Advances in Visual AI From Edge to Cloud

Artificial intelligence-powered solutions take video analytics to new levels

Although artificial intelligence (AI) has been the hottest technology trend over the past few years, it is anything but new. In the last quarter of the 20th century, computer vision technology, or “visual AI,” was launched with the aim of emulating human perception of the world.
In the early days, visual AI was often expensive and oversold, as the bulk of the intelligence relied on a handful of meticulously designed image processing filters, at times coupled with simple machine learning classifiers.
However, all of this has changed over the past decade with the transition to “deep learning” convolutional neural networks (CNNs). These networks have replaced legacy computer vision algorithms for detection, classification and segmentation in all practical industrial applications because of significantly improved accuracy resulting from model training on large datasets.
Recent advances in generative AI (GenAI) have brought the technology closer to artificial general intelligence and have already made a profound impact on the capabilities of computer vision. For example, vision transformers (ViTs) and multimodal transformers (such as CLIP) are direct adaptations of transformers, which are the foundation of modern large language models for visual AI use cases.
Visual AI for the Security Industry
In other industries, AI’s impact is fairly nascent, but visual AI has already been widely adopted within physical security in the form of video analytics and it is delivering measurable value today.
Not only do visual AI solutions make humans better at the work they already do (for instance, by improving the accuracy of intrusion detection), but they also act as force multipliers so that organizations can expand the scope of what their team covers and reduce related costs.

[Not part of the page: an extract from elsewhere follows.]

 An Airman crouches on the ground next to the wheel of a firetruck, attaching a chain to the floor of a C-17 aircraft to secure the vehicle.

In addition to security use cases, organizations can now leverage their video surveillance infrastructure to make improvements in a wide variety of nonsecurity, operational use cases. This can help drive greater efficiency or create new insights to improve business results. Use case examples include monitoring worker productivity and safety compliance, occupancy management, and customer service.

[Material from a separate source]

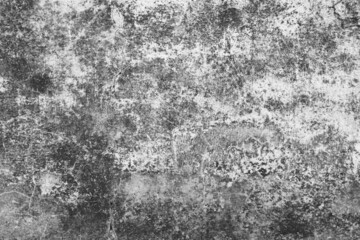 Old grunge dirty textured cement wall surface. With uneven stains and tiny holes.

The emergence of GenAI opens a new frontier for AI’s impact on physical security. Compared to CNNs, the key advantages of a GenAI-based approach are deep contextual understanding and the ability to perform a wide range of tasks without specific training.
Whether it is video summarization to gain insights into a vast quantity of recorded video, smart search to aid real-time investigations, or the ability to create complex, multi-stage rules for video analytics, GenAI innovation is just getting started in security.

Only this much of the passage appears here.